Natural Living Articles - Aromatherapy Recipes
Aromatherapy Recipes & Uses
Lavender is probably the most versatile essential oil available and therefore one of the absolute “essentials”. Fortunately, it’s also a fairly inexpensive oil and can be obtained for a good price in a pure form. Lavender is one of the very few oils that can be applied directly to skin (for adults and older children) without dilution, but it is also nice in a vaporizer, in a bath, in a spritzer, in a foot bath, through steam inhalation or dry inhalation. It’s the catch-all remedy and is safe even for the youngest family members.
Headaches: Mix 5-6 drops with cool water. Dip clean cotton cloth (a facecloth works fabulously) into solution, wring gently and use as a compress across forehead or around neck.
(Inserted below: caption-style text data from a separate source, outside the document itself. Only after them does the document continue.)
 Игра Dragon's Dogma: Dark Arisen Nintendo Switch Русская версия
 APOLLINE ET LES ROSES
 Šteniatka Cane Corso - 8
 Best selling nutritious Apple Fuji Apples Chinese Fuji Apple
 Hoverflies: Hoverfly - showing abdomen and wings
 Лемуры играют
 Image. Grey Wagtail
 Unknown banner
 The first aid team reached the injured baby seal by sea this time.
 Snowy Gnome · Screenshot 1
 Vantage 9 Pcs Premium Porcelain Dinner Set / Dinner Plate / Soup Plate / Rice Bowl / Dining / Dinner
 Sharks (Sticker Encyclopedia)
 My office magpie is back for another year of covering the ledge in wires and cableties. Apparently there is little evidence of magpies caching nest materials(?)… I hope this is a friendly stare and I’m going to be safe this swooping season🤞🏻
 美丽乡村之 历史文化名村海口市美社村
Refresh the cloth in the solution as required. This works even better if you have the opportunity to lay down in a dark place while you apply your compress.
Diaper Wipes: Combine ¼ Cup of Aloe Gel, 1 Cup Water, 3 drops lavender essential oil, 2 drops tea tree oil. Mix well and pour over homemade wipes. Reusable flannel cloths are a roll of paper towel cut in half work well. This is an antibacterial, soothing solution without the harsh chemicals and alcohol often found in commercial wipes. For more info on diapering, click here.
Burns: Apply lavender oil directly to burn area. If burn is severe, contact professional advice immediately.
Linen Spray: Lavender has been used in many societies for its ability to help people relax and unwind at day’s end. Add 10-15 drops to ½ Cup of Water in a small spritz bottle. Spray sheets, pillowcases or bedding with a light mist just before crawling in for the night. Alternatively, try 1-2 drops underneath a pillow. This is great for children’s rooms as well as adults and provides an incredibly relaxing bedtime smell.
Insect Bites: Apply 1 drop directly to insect stings or bites or place 2-3 drops on end of q-tip and dab bite to ease pain and discomfort. If you know or suspect the insect was poisonous, be sure to contact professional help immediately.
Depression or Anxiety: Place 5-6 drops on cotton or linen handkerchief and inhale as needed. This is a wonderfully mobile little trick as it can be tucked into a pocket or purse and is only ever a reach away. For children, this can be a great way to connect to parents when separation is required for a small stretch of time. Let them know that anytime they feel overwhelmed or in need of connection, they can take a whiff of the little cloth and know that you are thinking of them too. (Try this for first days of school, etc.)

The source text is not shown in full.